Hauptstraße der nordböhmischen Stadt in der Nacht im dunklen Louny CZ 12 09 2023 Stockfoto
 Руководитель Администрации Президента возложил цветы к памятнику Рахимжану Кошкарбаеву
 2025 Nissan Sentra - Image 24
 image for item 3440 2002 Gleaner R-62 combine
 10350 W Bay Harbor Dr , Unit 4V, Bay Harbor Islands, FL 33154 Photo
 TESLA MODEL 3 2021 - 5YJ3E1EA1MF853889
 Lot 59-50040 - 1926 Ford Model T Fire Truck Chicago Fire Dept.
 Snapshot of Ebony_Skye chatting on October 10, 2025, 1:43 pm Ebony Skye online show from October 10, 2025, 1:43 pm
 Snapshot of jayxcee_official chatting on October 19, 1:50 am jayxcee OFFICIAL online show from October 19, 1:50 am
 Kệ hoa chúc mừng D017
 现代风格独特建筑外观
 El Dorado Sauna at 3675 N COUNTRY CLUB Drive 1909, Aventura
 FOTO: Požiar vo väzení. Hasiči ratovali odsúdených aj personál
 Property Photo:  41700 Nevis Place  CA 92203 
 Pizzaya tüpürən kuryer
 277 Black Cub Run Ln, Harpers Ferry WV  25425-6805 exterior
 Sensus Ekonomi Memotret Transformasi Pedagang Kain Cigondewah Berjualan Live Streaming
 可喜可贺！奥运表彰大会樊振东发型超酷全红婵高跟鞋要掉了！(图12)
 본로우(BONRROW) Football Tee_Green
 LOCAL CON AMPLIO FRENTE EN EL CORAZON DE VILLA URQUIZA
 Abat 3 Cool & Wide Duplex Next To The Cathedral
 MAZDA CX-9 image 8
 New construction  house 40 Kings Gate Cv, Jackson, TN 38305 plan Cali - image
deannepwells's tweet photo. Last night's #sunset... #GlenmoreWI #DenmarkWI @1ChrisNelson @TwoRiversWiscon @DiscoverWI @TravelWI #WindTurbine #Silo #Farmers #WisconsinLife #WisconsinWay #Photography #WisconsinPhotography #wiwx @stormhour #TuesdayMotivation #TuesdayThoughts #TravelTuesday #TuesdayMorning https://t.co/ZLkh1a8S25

REQUIRED ACTION:
Your task is to reproduce the records in full, without any alteration.

RESULT OF THIS EXERCISE:
Hauptstraße der nordböhmischen Stadt in der Nacht im dunklen Louny CZ 12 09 2023 Stockfoto
 Руководитель Администрации Президента возложил цветы к памятнику Рахимжану Кошкарбаеву
 2025 Nissan Sentra - Image 24
 image for item 3440 2002 Gleaner R-62 combine
 10350 W Bay Harbor Dr , Unit 4V, Bay Harbor Islands, FL 33154 Photo
 TESLA MODEL 3 2021 - 5YJ3E1EA1MF853889
 Lot 59-50040 - 1926 Ford Model T Fire Truck Chicago Fire Dept.
 Snapshot of Ebony_Skye chatting on October 10, 2025, 1:43 pm Ebony Skye online show from October 10, 2025, 1:43 pm
 Snapshot of jayxcee_official chatting on October 19, 1:50 am jayxcee OFFICIAL online show from October 19, 1:50 am
 Kệ hoa chúc mừng D017
 现代风格独特建筑外观
 El Dorado Sauna at 3675 N COUNTRY CLUB Drive 1909, Aventura
 FOTO: Požiar vo väzení. Hasiči ratovali odsúdených aj personál
 Property Photo:  41700 Nevis Place  CA 92203 
 Pizzaya tüpürən kuryer
 277 Black Cub Run Ln, Harpers Ferry WV  25425-6805 exterior
 Sensus Ekonomi Memotret Transformasi Pedagang Kain Cigondewah Berjualan Live Streaming
 可喜可贺！奥运表彰大会樊振东发型超酷全红婵高跟鞋要掉了！(图12)
 본로우(BONRROW) Football Tee_Green
 LOCAL CON AMPLIO FRENTE EN EL CORAZON DE VILLA URQUIZA
 Abat 3 Cool & Wide Duplex Next To The Cathedral
 MAZDA CX-9 image 8
 New construction  house 40 Kings Gate Cv, Jackson, TN 38305 plan Cali - image
deannepwells's tweet photo. Last night's #sunset... #GlenmoreWI #DenmarkWI @1ChrisNelson @TwoRiversWiscon @DiscoverWI @TravelWI #WindTurbine #Silo #Farmers #WisconsinLife #WisconsinWay #Photography #WisconsinPhotography #wiwx @stormhour #TuesdayMotivation #TuesdayThoughts #TravelTuesday #TuesdayMorning https://t.co/ZLkh1a8S25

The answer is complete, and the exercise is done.